I’ve created a minimal example using a HDP sandbox installation. I am trying to download a csv file, which I can sucecssfully list using the “list remote files node”. After the timeout period I am getting a message:
“ERROR Download 2:45 Execute failed: Could not obtain block: BP-32082187-172.17.0.2-1517480669419:blk_1073742653_1830 file=/user/maria_dev/data/geolocation.csv”
What am I doing wrong? Using Ambari, I can download the file from the VM to the host. So the connection is working and HDFS, too. File Listing works in Knime as well (including navigation through the directory tree of the HDFS)
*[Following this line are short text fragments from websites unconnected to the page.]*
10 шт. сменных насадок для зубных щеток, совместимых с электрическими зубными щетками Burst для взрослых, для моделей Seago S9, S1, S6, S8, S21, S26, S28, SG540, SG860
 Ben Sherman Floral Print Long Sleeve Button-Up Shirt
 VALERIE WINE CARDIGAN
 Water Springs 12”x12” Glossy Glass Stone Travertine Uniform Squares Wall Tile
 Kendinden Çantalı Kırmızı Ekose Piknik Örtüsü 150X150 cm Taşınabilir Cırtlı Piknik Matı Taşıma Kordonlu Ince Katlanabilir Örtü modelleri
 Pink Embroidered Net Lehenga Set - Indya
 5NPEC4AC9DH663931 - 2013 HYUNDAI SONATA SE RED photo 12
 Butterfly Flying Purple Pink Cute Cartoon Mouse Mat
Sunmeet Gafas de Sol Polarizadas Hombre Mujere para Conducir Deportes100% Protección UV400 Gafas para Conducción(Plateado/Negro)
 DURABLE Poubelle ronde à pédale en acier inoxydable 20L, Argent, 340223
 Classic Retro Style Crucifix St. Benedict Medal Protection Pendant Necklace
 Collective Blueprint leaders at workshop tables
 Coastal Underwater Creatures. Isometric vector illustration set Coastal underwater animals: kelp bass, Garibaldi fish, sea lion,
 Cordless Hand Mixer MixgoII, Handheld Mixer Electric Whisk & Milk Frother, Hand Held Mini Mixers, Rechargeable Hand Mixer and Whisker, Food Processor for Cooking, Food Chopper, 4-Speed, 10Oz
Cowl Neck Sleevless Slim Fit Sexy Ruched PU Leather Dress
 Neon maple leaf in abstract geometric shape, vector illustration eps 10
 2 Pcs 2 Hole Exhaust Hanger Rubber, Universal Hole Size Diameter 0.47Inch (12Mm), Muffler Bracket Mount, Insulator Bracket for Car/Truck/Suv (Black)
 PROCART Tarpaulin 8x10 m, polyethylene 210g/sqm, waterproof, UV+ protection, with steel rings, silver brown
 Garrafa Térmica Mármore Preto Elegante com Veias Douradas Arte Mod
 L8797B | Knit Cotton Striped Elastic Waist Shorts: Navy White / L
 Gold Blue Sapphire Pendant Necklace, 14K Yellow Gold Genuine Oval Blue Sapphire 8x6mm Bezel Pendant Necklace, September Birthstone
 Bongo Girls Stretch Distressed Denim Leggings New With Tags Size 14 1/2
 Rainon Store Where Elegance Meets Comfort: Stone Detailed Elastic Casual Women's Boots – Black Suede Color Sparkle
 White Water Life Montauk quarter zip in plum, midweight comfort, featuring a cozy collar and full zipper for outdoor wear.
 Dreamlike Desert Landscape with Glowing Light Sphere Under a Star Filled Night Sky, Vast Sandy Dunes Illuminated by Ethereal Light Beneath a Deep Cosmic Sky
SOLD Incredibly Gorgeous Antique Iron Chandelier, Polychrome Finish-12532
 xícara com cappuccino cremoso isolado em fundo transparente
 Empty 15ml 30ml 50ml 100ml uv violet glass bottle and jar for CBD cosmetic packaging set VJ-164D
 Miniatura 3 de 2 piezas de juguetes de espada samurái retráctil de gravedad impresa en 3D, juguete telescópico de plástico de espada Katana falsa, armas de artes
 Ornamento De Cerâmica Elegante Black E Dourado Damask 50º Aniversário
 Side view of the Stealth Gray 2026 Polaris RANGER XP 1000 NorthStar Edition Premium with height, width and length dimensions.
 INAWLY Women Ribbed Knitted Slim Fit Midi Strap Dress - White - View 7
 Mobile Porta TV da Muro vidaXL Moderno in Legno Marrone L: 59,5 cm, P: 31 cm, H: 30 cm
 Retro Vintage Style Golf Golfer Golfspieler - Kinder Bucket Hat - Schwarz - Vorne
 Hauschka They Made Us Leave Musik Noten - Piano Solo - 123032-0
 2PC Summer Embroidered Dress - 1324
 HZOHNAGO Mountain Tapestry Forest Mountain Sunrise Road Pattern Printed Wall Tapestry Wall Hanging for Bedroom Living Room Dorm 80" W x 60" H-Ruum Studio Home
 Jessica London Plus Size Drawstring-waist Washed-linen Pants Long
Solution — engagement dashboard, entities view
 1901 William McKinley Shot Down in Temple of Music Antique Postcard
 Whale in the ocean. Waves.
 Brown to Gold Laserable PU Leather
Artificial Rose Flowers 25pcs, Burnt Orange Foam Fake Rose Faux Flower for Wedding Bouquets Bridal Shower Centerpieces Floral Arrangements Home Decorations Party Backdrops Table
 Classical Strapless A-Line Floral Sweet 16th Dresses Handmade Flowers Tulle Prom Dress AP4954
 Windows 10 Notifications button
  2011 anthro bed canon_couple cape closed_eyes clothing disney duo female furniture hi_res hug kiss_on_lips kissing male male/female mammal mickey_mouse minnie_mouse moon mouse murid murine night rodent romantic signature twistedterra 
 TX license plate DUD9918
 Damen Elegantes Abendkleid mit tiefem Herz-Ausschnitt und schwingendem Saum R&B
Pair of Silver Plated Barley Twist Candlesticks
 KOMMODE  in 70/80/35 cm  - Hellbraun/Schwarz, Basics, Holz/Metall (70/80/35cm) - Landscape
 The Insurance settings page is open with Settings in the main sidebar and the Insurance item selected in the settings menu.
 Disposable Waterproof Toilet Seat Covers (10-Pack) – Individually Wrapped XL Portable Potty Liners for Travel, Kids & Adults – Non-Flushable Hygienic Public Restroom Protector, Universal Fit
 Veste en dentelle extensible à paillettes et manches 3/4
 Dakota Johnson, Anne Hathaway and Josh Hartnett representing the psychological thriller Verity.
EDIT: I can connect and read data using python, so the problem is not in the connection itself. Note, that in the python code I am directly connecting to the NameNode
from hdfs import InsecureClient
import pandas as pd
import io
hostname = '127.0.0.1'
port = 8020
hdfs_path = '/user/maria_dev/data/trucks.csv'
local_path = 'C:/tmp'
client = InsecureClient('http://localhost:50070', user='maria_dev')
# Loading a file in memory.
with client.read(hdfs_path) as reader:
features = reader.read()
data = pd.read_csv(io.BytesIO(features), encoding='utf8', sep=",", lineterminator='\r')
print(data.describe())
THX for hlp
Ingo